__Task goal__.
Everything from the line that contains "РАНЕТКИ.КАК ЭТО БЫЛО 6 смотреть онлайн" through the last line below should be transcribed exactly, except the pictures.
(The input Opens)
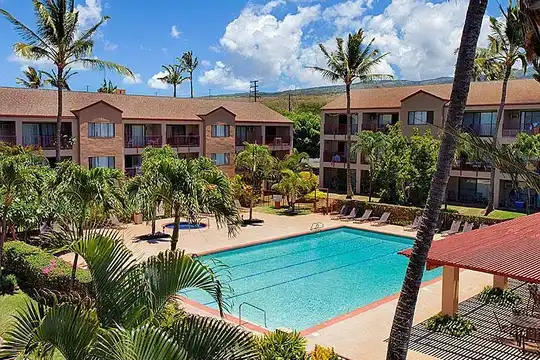 2 Bedroom Apartments for Rent in Napili-Honokowai, HI | 51 Rentals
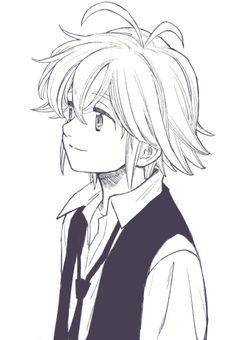 私は大好きな人のために命を捨てます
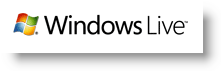 شعار Windows Live:: groovyPost.com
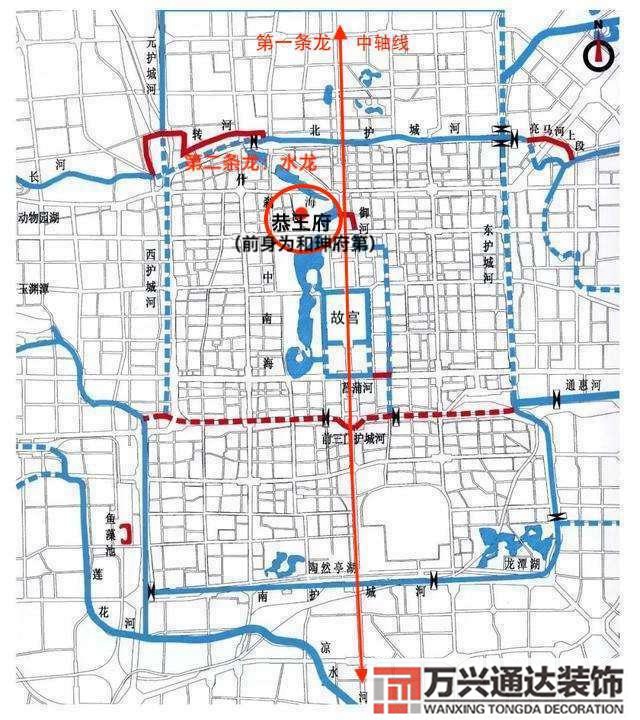 辦公室東邊門風(fēng)水最好座位圖辦公室門方位風(fēng)水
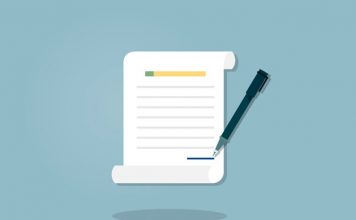 Raport privind starea sociala, economica si de mediu a comunei Bărbulețu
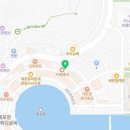 GS25 속초대포항점 이미지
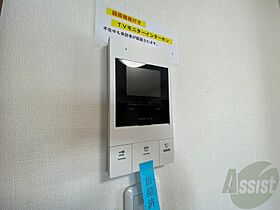 北海道札幌市中央区南一条西11丁目（賃貸マンション1LDK・3階・33.52㎡） その20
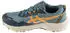 Asics Gel-Venture 11 foggy teal/sandstorm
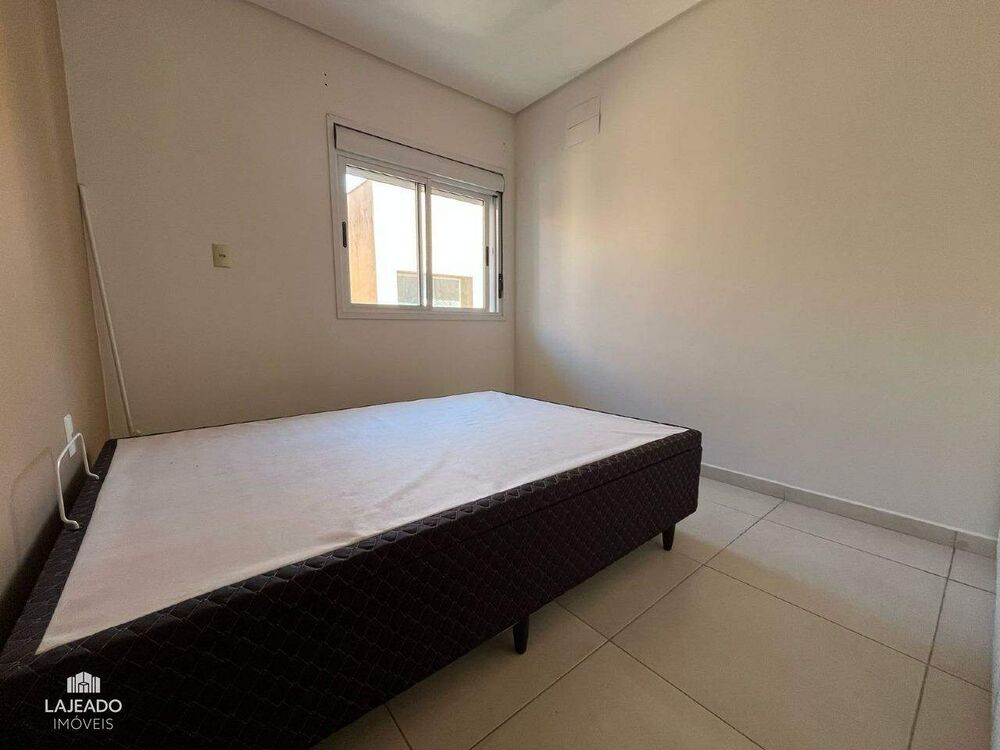 Apartamento à venda com 1 quarto, 46m² - Foto 11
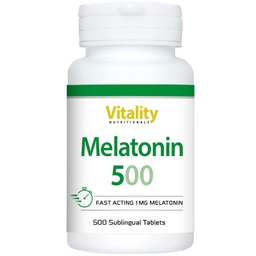 Vitality-Nutritionals-Melatonin500_100g-500sublingual-tablets.jpg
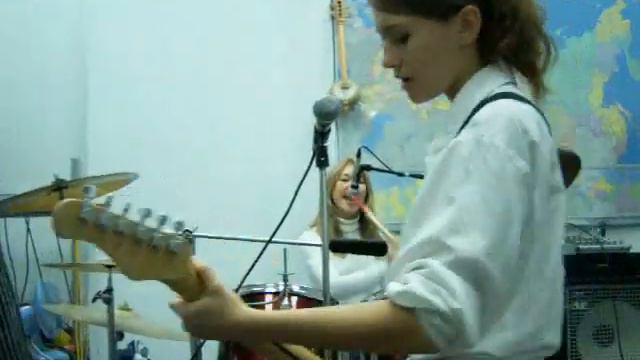 РАНЕТКИ.КАК ЭТО БЫЛО 6 смотреть онлайн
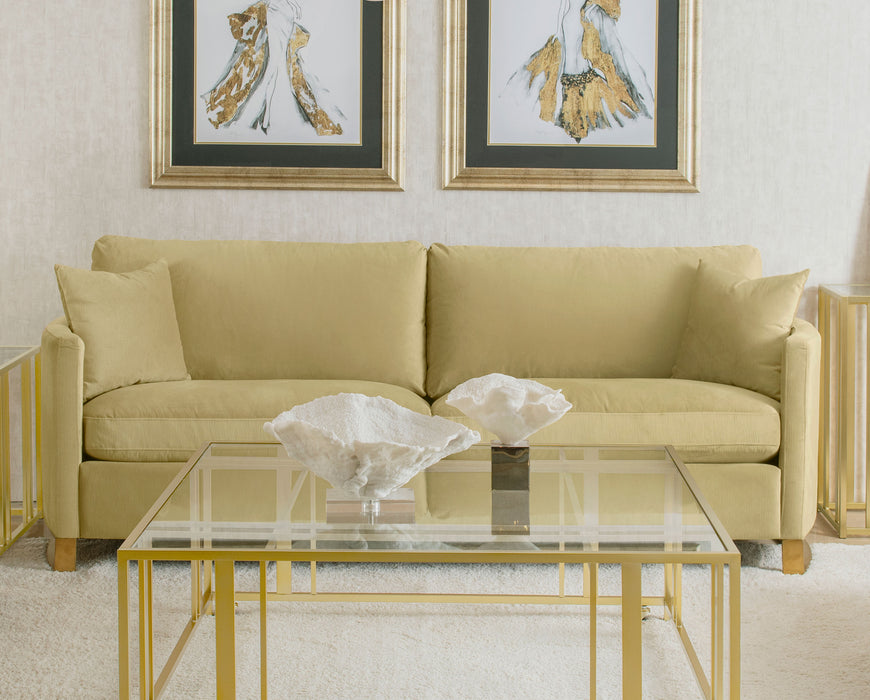 Corliss Sofa - Orbit Furniture (Richmond,BC)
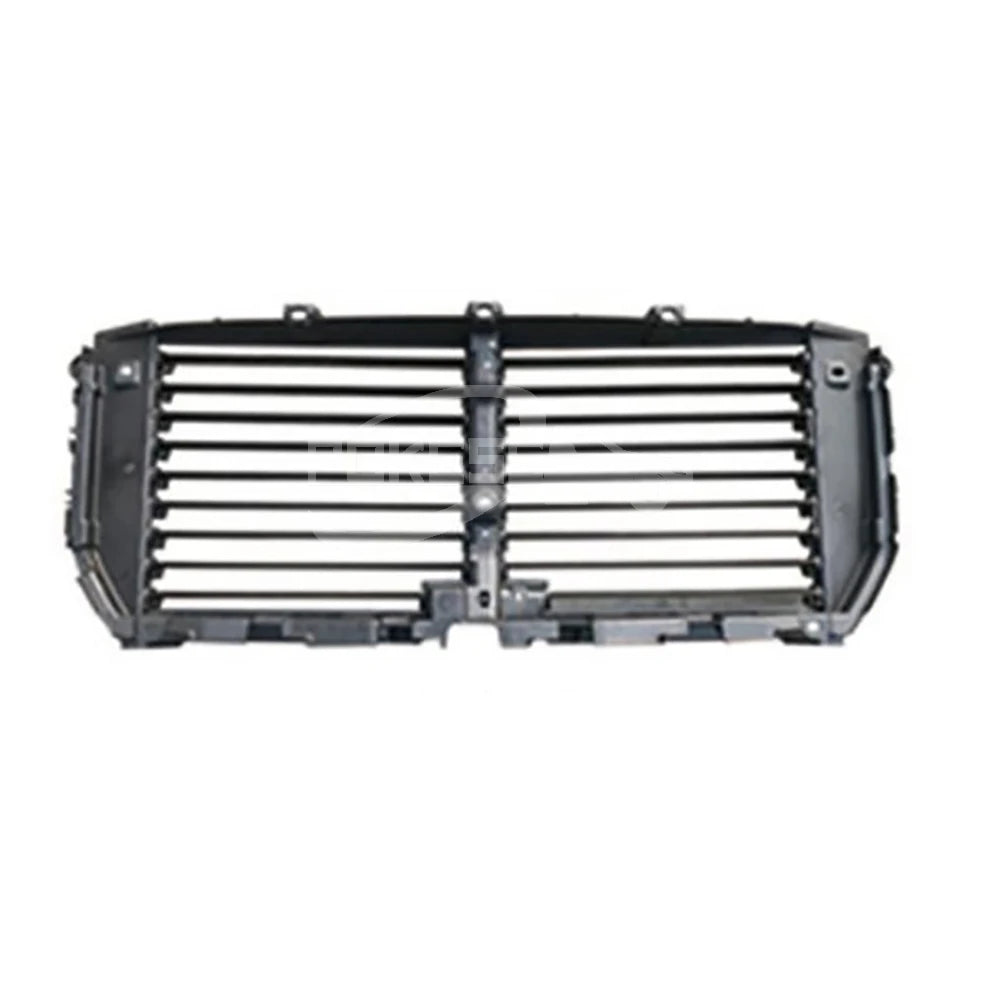 FL3Z8475A FL3Z8475F FL348475AE FL348475AG Lower Air Intake Cover for Ford F-150 2017 2.7/3.5/5.0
(The input Closes)
__Completed task__.
 РАНЕТКИ.КАК ЭТО БЫЛО 6 смотреть онлайн
 Corliss Sofa - Orbit Furniture (Richmond,BC)
 FL3Z8475A FL3Z8475F FL348475AE FL348475AG Lower Air Intake Cover for Ford F-150 2017 2.7/3.5/5.0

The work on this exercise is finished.